Cutler-Hammer's dilemma is not unique. In fact, while e-business technology providers offer buying organizations a variety of tools to identify the right price for a good or service and to manage their spends more strategically, the sell side has been flying blind. But now, a handful of software companies have released applications that allow suppliers to determine their own right price and, moreover, to manage their customer response processes more strategically.
Up the Supply Chain Without a Paddle
The root of the sell side's dilemma has been the dearth of e-business tools tailored to the needs of selling organizations, according to Wilson Rothschild, a senior research analyst for applications strategies delivery at Stamford, Conn.-based research firm META Group. Most of the solutions in the marketplace are very buy-side oriented, he says. For example, e-procurement tools currently available promise to give buying organizations a better picture of prices across a variety of suppliers. Buyers who use e-marketplaces for that type of price discovery can seek lower prices from current suppliers and potentially lower their outlays without even incurring the switching costs associated with moving business to a new supplier. That's a win for the buyer, but what about the supplier who just found out it has to reduce its prices to keep a customer?
Right now, Rothschild says, suppliers don't have the tools they need to decide how best to maintain their margins.
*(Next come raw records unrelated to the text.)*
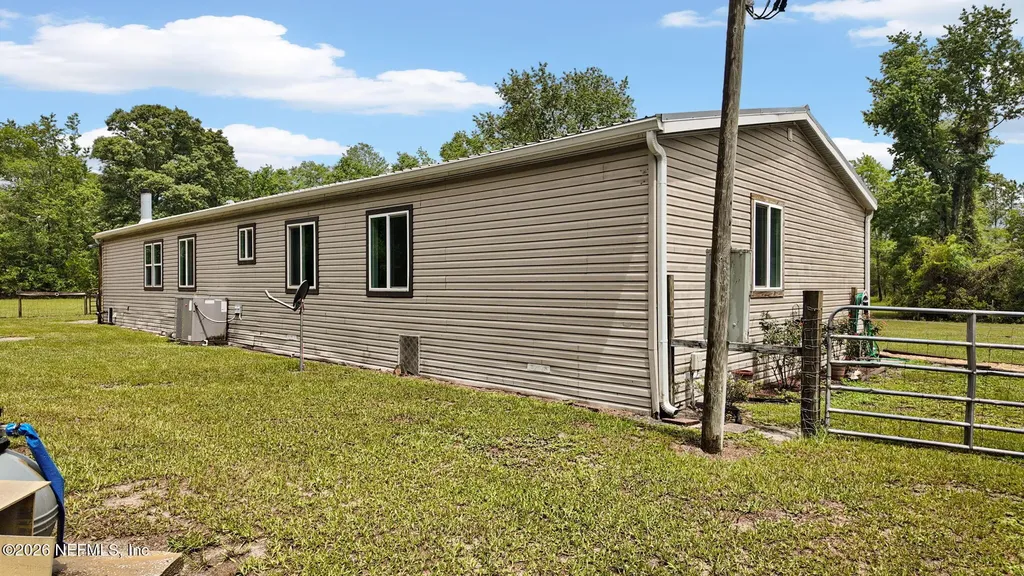 412 SW Fenton Glen Fort White FL 32038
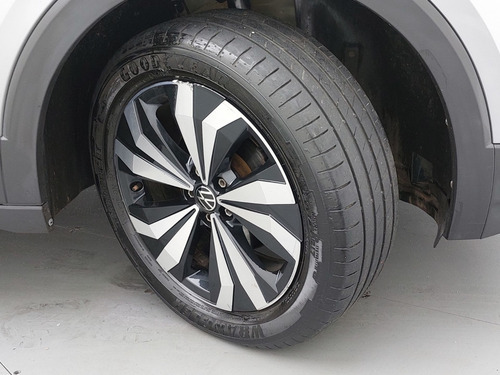 Volkswagen T-Cross 1.0 200 TSI TOTAL FLEX COMFORTLINE AUTOMÁTICO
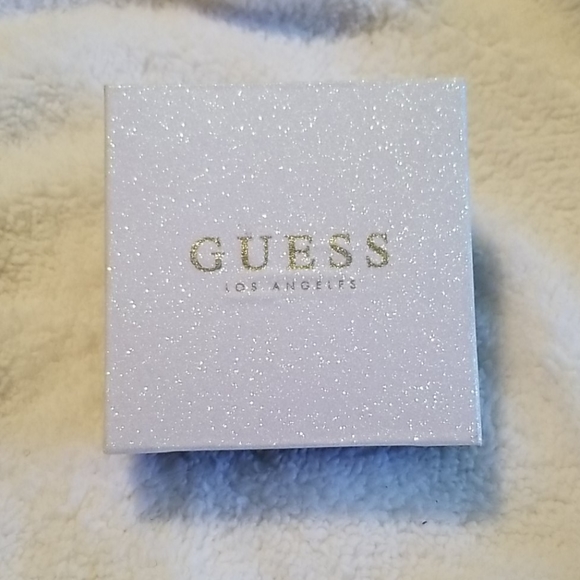 Guess Earring & Bracelet Set - Picture 3 of 3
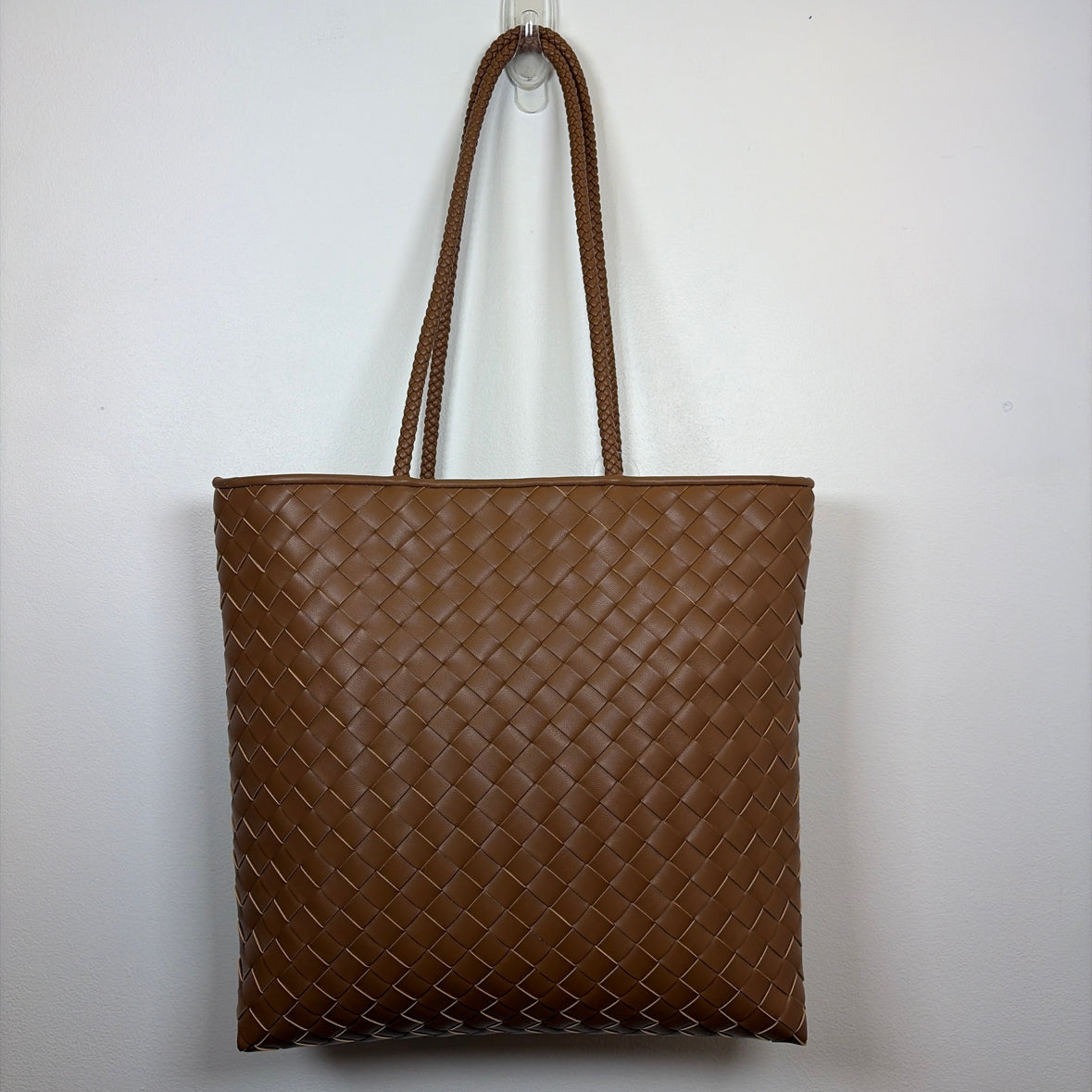 Pre-Owned Ann Taylor Brown Leather Handbag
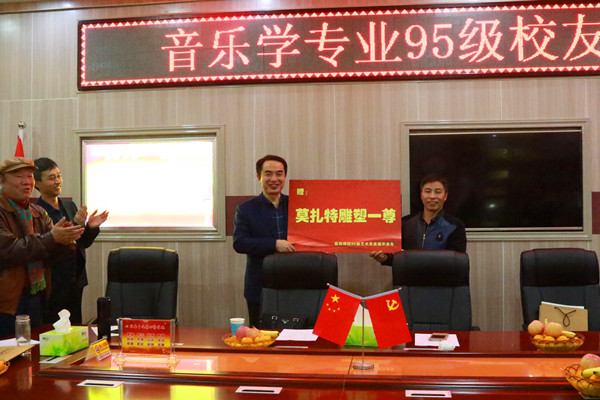 2017111416052510.jpg bat36595级校友毕业二十周年回母校团聚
Traditionally, pricing knowledge has resided with each member of the pricing staff, who based decisions on their own experiences and their own assumptions at any given moment. Companies have had the visibility across their enterprises that could tell them what prices different divisions of the company are charging or even what prices different pricing managers are citing for the same customer. This leads to inconsistent pricing decisions, and frequently a pricing decision comes down to the head pricing person who makes the call based on a gut feeling, Rothschild said.
Companies have also lacked the tools necessary to track historical trends in pricing. Consequently, although they have business models to figure out what things cost, suppliers cannot measure the impact of past pricing decisions on margins. Absent this type of information, they cannot determine who is a good or bad customer, that is, whom they should prune from their customer list when faced with demands for price cuts.
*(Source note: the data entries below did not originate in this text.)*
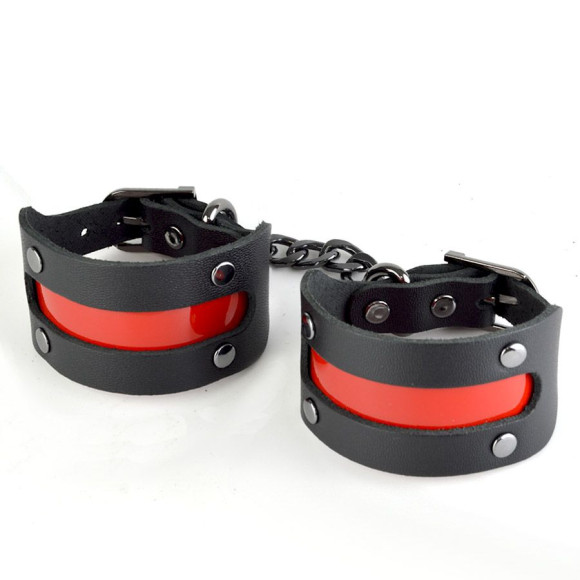 Чёрные наручники с красной вставкой «Пятница» Чёрные наручники с красной вставкой «Пятница»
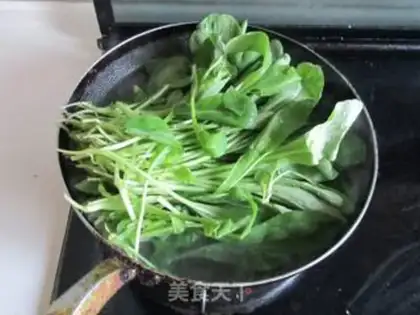 Make Garlic carrots step 0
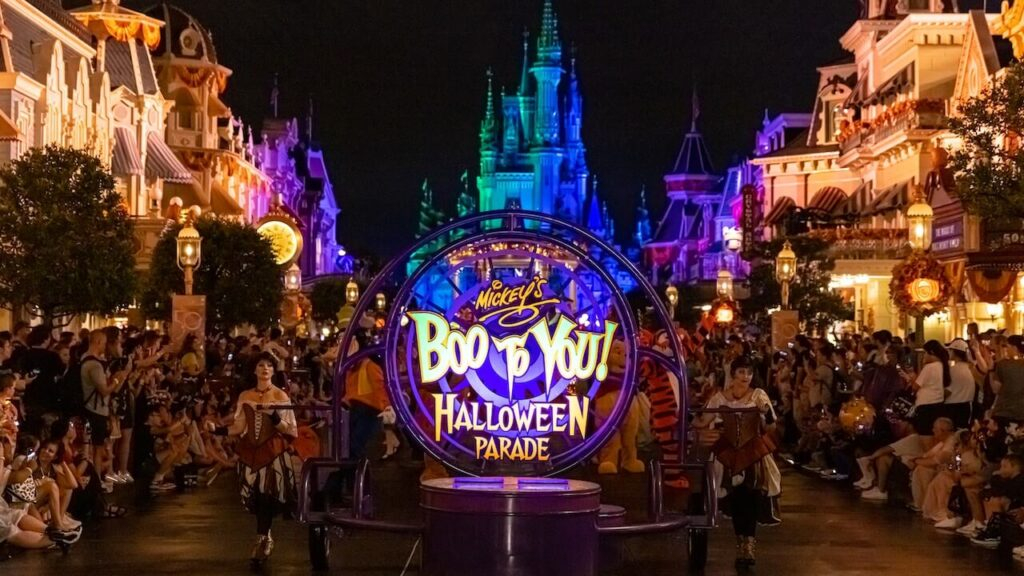 Mickey's Boo To You Halloween Parade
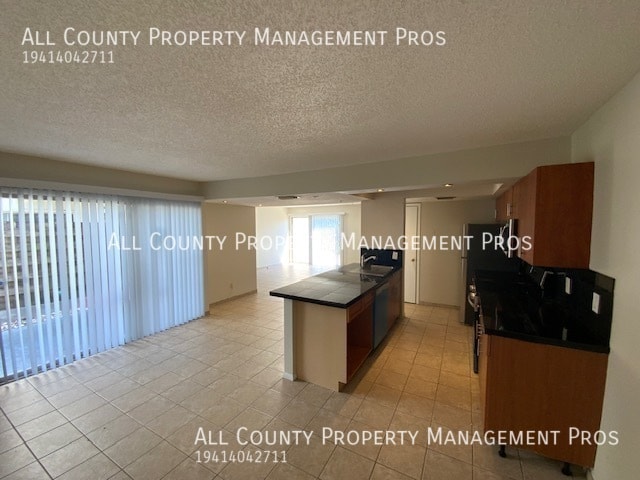 Building Photo - 1064 Longfellow Cir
The result has been what Daphne Carmeli, CEO of sell-side software provider Metreo, calls maverick selling a corollary to the buy-side bugaboo maverick buying. Maverick selling refers to instances in which manufacturers accept deals that are under cost or under target, or when a company spends time on the wrong deals, such as with clients that have no intention of buying, simply because the supplier does not have visibility into its pricing. e-Procurement advances on the buy side have made maverick selling a more acute issue for suppliers, Carmeli says: Now a buyer, with one click, can send one request to hundreds of suppliers. From a supplier's vantage point, there is now greater volume [of sales requests], more pressure to respond quicker, and there is more competition.
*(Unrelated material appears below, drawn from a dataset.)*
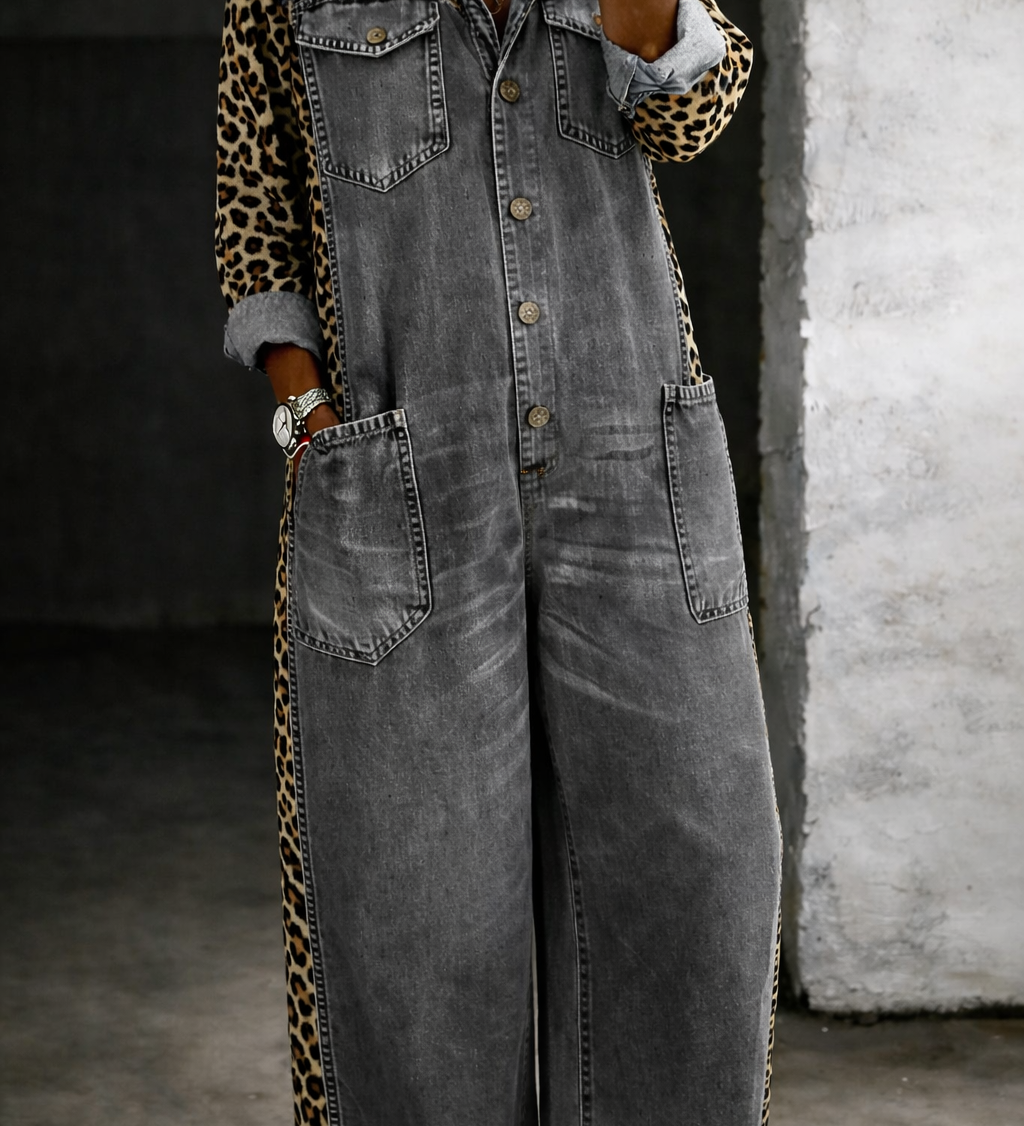 Damejumpsuit med skjortekrave, knaplukning, store lommer, brede ben og dyreprintede sidepaneler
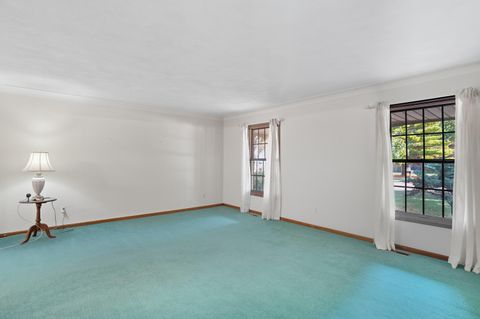 Tiny photo for 1054 Bourgogne Avenue, Bowling Green, OH 43402 (MLS # 10006117)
Fortunately for suppliers, companies such as Metreo and another software provider, Rapt, are beginning to offer sell-side applications that address the issues associated with maverick selling.
Taming Maverick Selling
Sales request response time, price consistency and margin pressure were the issues for Eaton Corp., a $9 billion global company that manufactures highly engineered products for the industrial, vehicle, construction, commercial, aerospace and semiconductor markets. At Cutler-Hammer, Eaton's electrical control and power distribution product division, the pricing team (about 60 people) was using a variety of internal data sources and in-house applications to manually process about 200,000 sales requests annually. With critical information spread among disparate systems, and some data available only in hard-copy form, the pricing team sometimes required as long as five days to process requests.
Eaton initially sought to speed request processing by developing a proprietary system. But during the 18 months that the company worked on its in-house software, e-business took off, increasing the number of orders coming into the company and making speed a more acute issue in the processing of sales requests. In the meantime, third-party software developers were bringing sell-side applications to market. Cutler-Hammer chose to implement an application from Palo Alto, Calif.-based Metreo. The software, called SR2 (for Supplier Response), deployed over 12 weeks, draws information from inventory, production and sales systems in real-time to generate a score for each incoming sales request, based on pre-defined criteria such as the value of the customer, expected impact on key strategic performance metrics, competitive environment, product availability, and plant capacity. The application allows the company to aggregate orders coming in over various sales channels and routes the scored requests to the appropriate pricing managers as a way to ensure pricing consistency.